We're going to be using dataset called the [Oxford-IIIT Pet Dataset](http://www.robots.ox.ac.uk/~vgg/data/pets/) that contains 7,349 images of cats and dogs from 37 different breeds. We've already downloaded them for you, all we need to do is copy it to our folder.

In [47]:
!mkdir -p pets && cp -r ../../pets .

In [48]:
from fastai.vision.all import *

In [49]:
path = 'pets'

In [50]:
def is_cat(x): 
    return x[0].isupper()

It looks at the name of a picture, and if the very first letter in the name is a big letter, like 'C' for Cat, the robot says, "Hey, this is a picture of a cat!" If the first letter is a small letter, like 'd' for dog, the robot says, "Nope, not a cat."

In [51]:
dls = ImageDataLoaders.from_name_func(
    path, get_image_files(path), 
    valid_pct=0.2,
    label_func=is_cat, 
    item_tfms=Resize(224)
)

path: This is like telling the computer where all the pictures are kept, just like saying, "Look in this special box of photos."

get_image_files(path): This part helps the computer find all the pictures in that special box. It's like telling a friend to pick out all the photos from that box.

valid_pct=0.2: This is like saying, "Let's take some photos out to check if our computer is really good at guessing." We take out 20% of the photos for testing.

label_func=label_func: We're teaching the computer how to recognize what's in each photo. We say, "If the name of the photo starts with a big letter, it's a picture of a cat. If it starts with a small letter, it's not a cat."

item_tfms=Resize(460): Imagine we have a magic tool that can make all the photos the same size. This tool helps the computer understand the pictures better. We tell it to resize the photos to be 460 pixels big.

batch_tfms=aug_transforms(size=224, min_scale=0.75): This is like adding some special effects to the photos to make them look different from each other. It's like putting funny hats on some photos and sunglasses on others so the computer learns better.

In [52]:
learn = vision_learner(dls, resnet34, metrics=error_rate)

Create a learner: This is like getting a special teacher for the computer. We tell the computer, "Hey, we have a smart teacher called 'learn' who knows a lot about pictures."

using a pre-trained model: Think of it like the teacher already knows a bit about recognizing things in pictures.

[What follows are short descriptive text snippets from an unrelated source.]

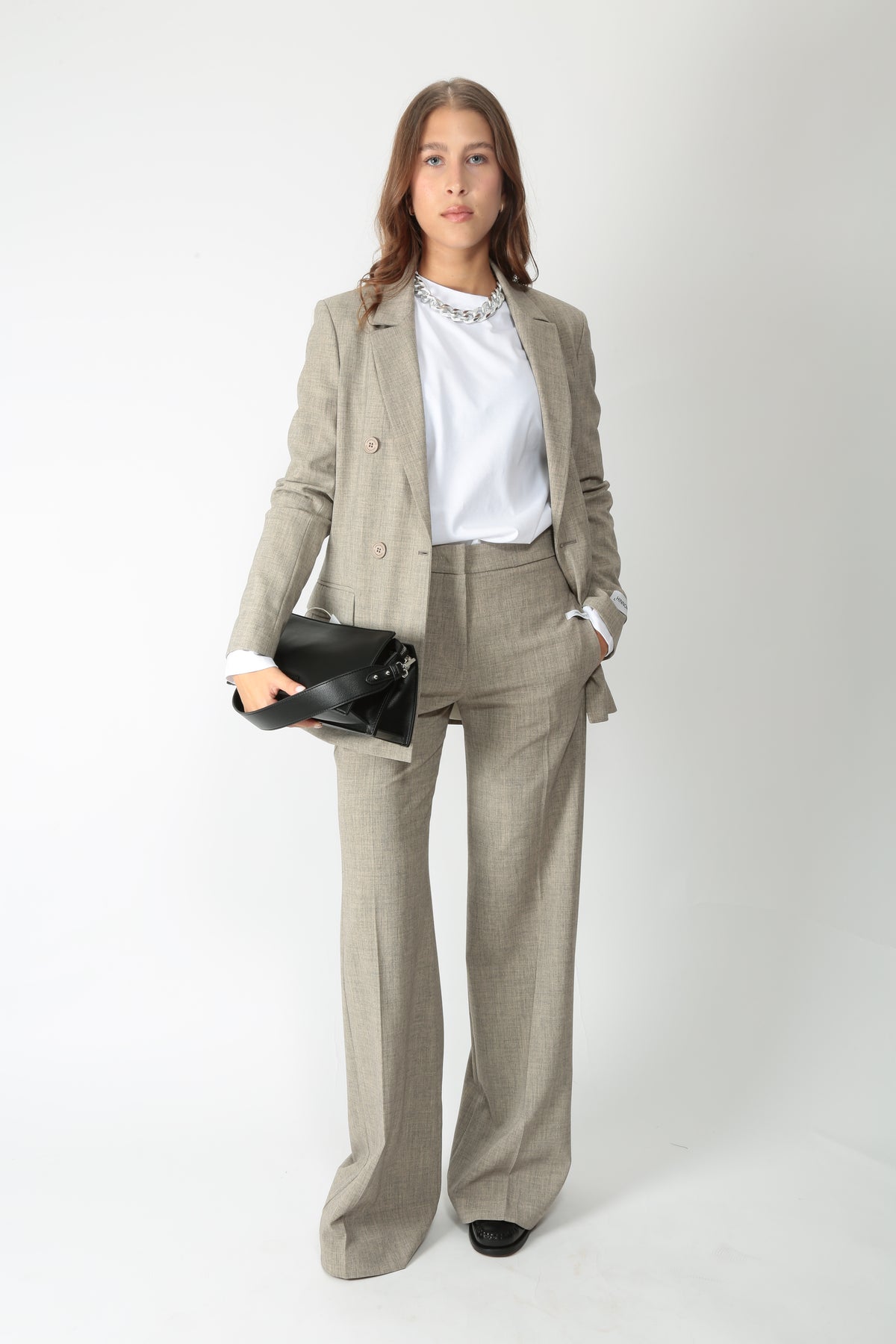 https://admin.shopify.com/store/gulieshop/products/16540787507549#:~:text=https%3A//www.gulieshop.it%20%E2%80%BA%20products%20%E2%80%BA%20hinnominate%2Dpantalone%2Dflare%2Din%2Dpoliviscosa%2Dhmabw03217%2Dtpv0004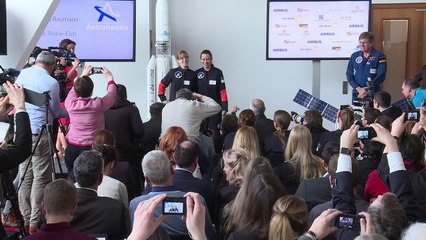 Eine Kampfjetpilotin und eine Meteorologin sollen ins All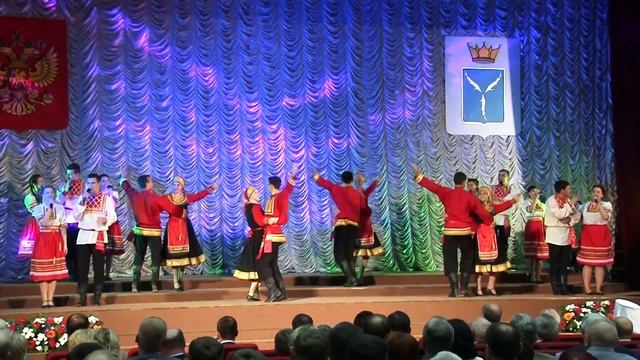 При лужке - песня и танец смотреть онлайн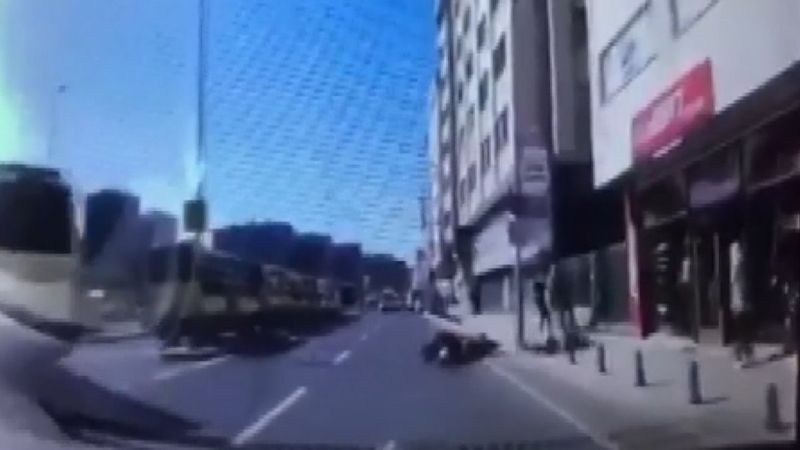 Bahçelievler'de motosikletli yolun karşısına geçmeye çalışan çaycıya çarptı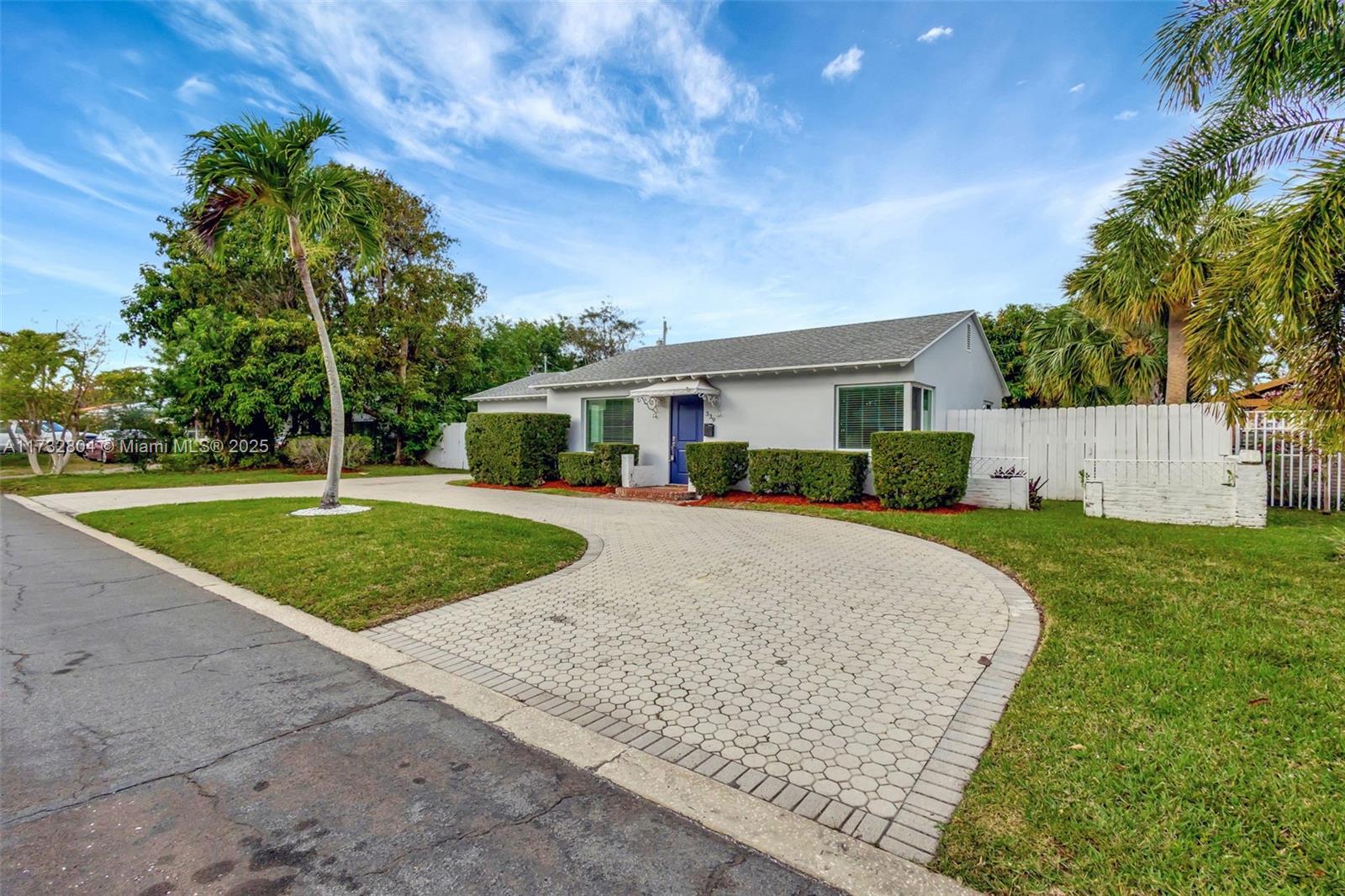 339 Linda Ln, West Palm Beach, Florida image 2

It's like having a friend who's really good at guessing what's in photos.

resnet34: We tell the teacher to use a special book called 'resnet34' that helps the computer understand pictures better.

metrics=error_rate: This is like a scorecard. We want to see how good the computer is at guessing. The lower the score, the better it is.

Training the model: Now, it's time for the computer to learn. It's like the teacher is showing the computer lots of pictures and saying, "This is a cat" or "This is not a cat." The computer learns from the teacher.

So, in this part, we get a teacher for the computer, use a smart book, and let the computer learn by looking at lots of pictures. It's like teaching the computer to be really good at telling cats from other things.

In [53]:
learn.fine_tune(1)

epoch,train_loss,valid_loss,error_rate,time
0,0.160621,0.022736,0.008796,00:22


epoch,train_loss,valid_loss,error_rate,time
0,0.061891,0.011736,0.00406,00:22


Fine-tuning is like making small adjustments to our detective's brain. You know how sometimes you learn something new, like riding a bike? At first, you wobble a bit, but then you get better and better. Fine-tuning is like helping our detective get better at recognizing cats by making those small adjustments to their special tool.

In [57]:
img = PILImage.create('pets/Abyssinian_11.jpeg')
img.to_thumb(192)

FileNotFoundError: [Errno 2] No such file or directory: 'pets/Abyssinian_11.jpeg'

So, how do we know if this model is any good? In the last column of the table you can see the error rate, which is the proportion of images that were incorrectly identified. The error rate serves as our metric—our measure of model quality, chosen to be intuitive and comprehensible. As you can see, the model is nearly perfect, even though the training time was only a few seconds. In fact, the accuracy you've achieved already is far better than anybody had ever achieved just 10 years ago!

Finally, let's check that this model actually works.

Now you can pass the uploaded file to the model. Make sure that it is a clear photo of a single dog or a cat, and not a line drawing, cartoon, or similar. The notebook will tell you whether it thinks it is a dog or a cat, and how confident it is. Hopefully, you'll find that your model did a great job:

In [None]:
is_cat,_,probs = learn.predict(img)

print(f"Is this a cat?: {is_cat}.")
print(f"Probability it's a cat: {probs[1].item():.6f}")

Congratulations on your first classifier!